Observem quem seriam alguns dos atingidos: por exemplo, quem ganha mais do que a fortuna de R$ 3.135 (três salários mínimos) e o funcionário público que tem direito ao auxílio alimentação, cujo valor médio chega à “exorbitante” cifra de R$ 479 por mês. 

O comportamento errático do governo na busca por “espaços” orçamentários seria cômico, não fosse trágico. Isso porque estamos em um país que instituiu um mecanismo de controle das finanças inexequível chamado teto de gastos. Mas o presidente da República está na chamada sinuca de bico. 

Como continuar o arrocho neoliberal que satisfaz o mercado financeiro e, ao mesmo tempo, encontrar recursos para o Renda Cidadã, fundamental para o projeto de reeleição de Bolsonaro em 2022? Em outros termos, como aliar a urgência eleitoral sem “furar” o teto de gastos? 

O vai-e-vem do Planalto e dos aliados de Paulo Guedes no Congresso Nacional, a cada semana, cria ou ressuscita uma ou mais ideias “geniais” para encontrar as fontes de financiamento do programa com que pretendem substituir o Bolsa Família.  

Duas propostas de emenda à Constituição, a PEC Emergencial (n° 186/2019) e PEC do Pacto Federativo (188/2019), vêm sendo colocadas novamente como solução no Parlamento. Quando a pandemia de coronavírus mal se anunciava no país, em 12 de março, em debate na Comissão de Constituição e Justiça (CCJ) do Senado sobre a PEC 186, especialistas alertaram que o governo nem mesmo apresentara estudos de avaliação consistentes sobre o impacto da redução dos serviços do Estado para a sociedade. Segundo eles, cortes de jornada e de salário de funcionários públicos afetarão políticas para a primeira infância e assistência social, por exemplo. 

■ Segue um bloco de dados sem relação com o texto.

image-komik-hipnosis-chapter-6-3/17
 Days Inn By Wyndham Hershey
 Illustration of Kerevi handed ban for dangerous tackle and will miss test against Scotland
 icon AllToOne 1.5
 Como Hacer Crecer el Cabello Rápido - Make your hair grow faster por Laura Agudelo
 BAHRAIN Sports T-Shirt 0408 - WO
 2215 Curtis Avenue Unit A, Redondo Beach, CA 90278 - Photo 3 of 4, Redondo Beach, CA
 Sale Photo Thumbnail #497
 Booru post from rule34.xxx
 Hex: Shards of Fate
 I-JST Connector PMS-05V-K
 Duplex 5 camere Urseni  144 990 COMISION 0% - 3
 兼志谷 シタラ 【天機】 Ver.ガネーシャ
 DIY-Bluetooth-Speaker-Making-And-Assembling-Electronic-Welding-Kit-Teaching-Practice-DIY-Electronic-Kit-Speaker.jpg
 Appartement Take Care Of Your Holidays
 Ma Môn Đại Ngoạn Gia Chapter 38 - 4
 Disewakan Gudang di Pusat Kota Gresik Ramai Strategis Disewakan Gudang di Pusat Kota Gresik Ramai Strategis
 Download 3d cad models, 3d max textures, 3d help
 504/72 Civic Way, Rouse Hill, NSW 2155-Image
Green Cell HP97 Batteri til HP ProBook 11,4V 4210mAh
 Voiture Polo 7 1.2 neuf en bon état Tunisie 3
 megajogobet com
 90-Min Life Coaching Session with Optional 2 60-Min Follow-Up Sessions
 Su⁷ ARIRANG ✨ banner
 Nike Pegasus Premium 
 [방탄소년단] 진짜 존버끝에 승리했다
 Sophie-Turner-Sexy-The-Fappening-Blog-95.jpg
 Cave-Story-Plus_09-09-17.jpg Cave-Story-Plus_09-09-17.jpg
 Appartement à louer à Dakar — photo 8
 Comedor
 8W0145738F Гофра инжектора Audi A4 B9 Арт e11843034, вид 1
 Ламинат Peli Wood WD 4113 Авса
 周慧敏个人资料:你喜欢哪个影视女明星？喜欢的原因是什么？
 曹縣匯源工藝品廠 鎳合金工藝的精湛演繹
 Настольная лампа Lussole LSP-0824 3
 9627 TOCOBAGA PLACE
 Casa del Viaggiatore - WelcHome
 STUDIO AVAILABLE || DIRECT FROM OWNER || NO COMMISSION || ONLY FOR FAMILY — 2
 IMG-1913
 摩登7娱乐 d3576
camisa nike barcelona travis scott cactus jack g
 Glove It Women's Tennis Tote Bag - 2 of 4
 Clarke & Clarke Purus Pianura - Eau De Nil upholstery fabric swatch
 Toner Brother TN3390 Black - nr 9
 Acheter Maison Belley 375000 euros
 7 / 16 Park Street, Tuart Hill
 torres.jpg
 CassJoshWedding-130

A ideia é a instituição de “gatilhos” para disparar quando as despesas ultrapassarem a receita, o que inviabilizará promoção de servidores, reestruturação de carreira, realização de concurso público, entre outras consequências.  

As seguidas propostas em estudo pelo governo, ora mexendo nos precatórios, ora no Fundeb, e sempre atacando o funcionalismo e suprimindo direitos, só mostram que o Executivo, com o teto de gastos, não sabe de onde tirar dinheiro para o Renda Cidadã.  

Mas tem de onde tirar. Como temos insistido, a União deixará de arrecadar quase R$ 300 bilhões em 2020, devido a privilégios tributários injustificáveis dos super-ricos do país.  

Como falamos de pandemia, lembramos mais uma vez um estudo da organização não governamental Oxfam: os 42 bilionários brasileiros conseguiram a proeza de ampliar suas fortunas em US$ 34 bilhões desde o início da pandemia do novo coronavírus, de março até junho deste ano, aumentando sua riqueza de US$ 123,1 bilhões para US$ 157,1 bilhões.  

É diante de números como esses que reafirmamos mais uma vez: estamos entre os 99,65% da população brasileira que exige um sistema tributário progressivo, justo, que contemple o trabalho e cobre de quem tem muito. Os recursos arrecadados dos privilegiados – que compõem a fração de 0,35% da população com renda mensal superior a 40 salários mínimos –poderiam ser pelo menos uma das fontes para financiar o Renda cidadã. Mas, com o teto de gastos, a equação não fecha. A pandemia de coronavírus mostrou, em todo o mundo, que um país cujo Estado é fraco deixa a sociedade relegada à própria sorte. Em outras palavras, ao mercado.